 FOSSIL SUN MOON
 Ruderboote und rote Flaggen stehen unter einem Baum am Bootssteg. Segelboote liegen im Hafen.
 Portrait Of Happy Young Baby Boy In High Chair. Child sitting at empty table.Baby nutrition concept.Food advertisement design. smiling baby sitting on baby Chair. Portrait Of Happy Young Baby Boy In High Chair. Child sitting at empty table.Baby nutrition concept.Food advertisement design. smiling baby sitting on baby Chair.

* * *

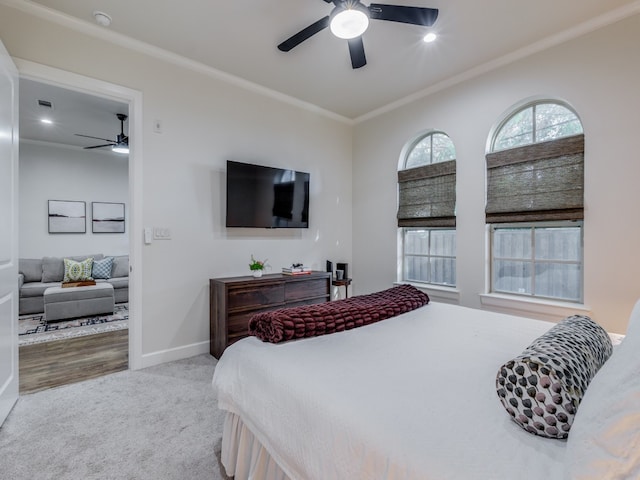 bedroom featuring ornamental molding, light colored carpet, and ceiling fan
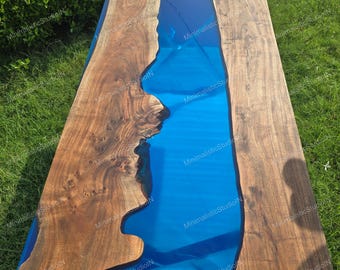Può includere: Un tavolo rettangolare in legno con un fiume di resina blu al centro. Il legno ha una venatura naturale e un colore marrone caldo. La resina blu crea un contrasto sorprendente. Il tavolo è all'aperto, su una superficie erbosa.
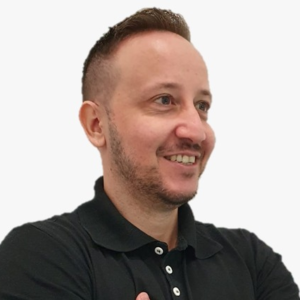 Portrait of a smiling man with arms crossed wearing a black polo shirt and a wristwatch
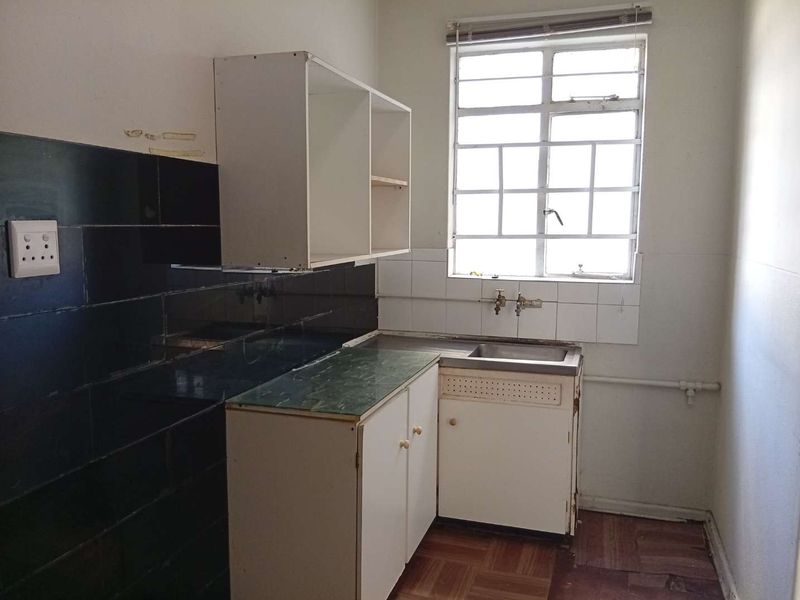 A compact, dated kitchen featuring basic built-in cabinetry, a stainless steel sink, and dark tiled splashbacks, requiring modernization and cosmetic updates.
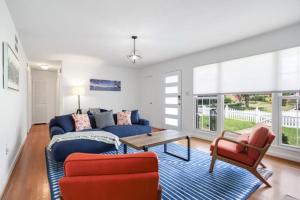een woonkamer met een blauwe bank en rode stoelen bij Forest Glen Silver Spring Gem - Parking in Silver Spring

...

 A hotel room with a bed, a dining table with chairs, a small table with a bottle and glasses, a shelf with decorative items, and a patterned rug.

- **Task statement**
In the listing above, find the line with "A compact, dated" and output every line through the one with "een woonkamer met", exactly, without the pictures.

- **Exercise output**
 A compact, dated kitchen featuring basic built-in cabinetry, a stainless steel sink, and dark tiled splashbacks, requiring modernization and cosmetic updates.
een woonkamer met een blauwe bank en rode stoelen bij Forest Glen Silver Spring Gem - Parking in Silver Spring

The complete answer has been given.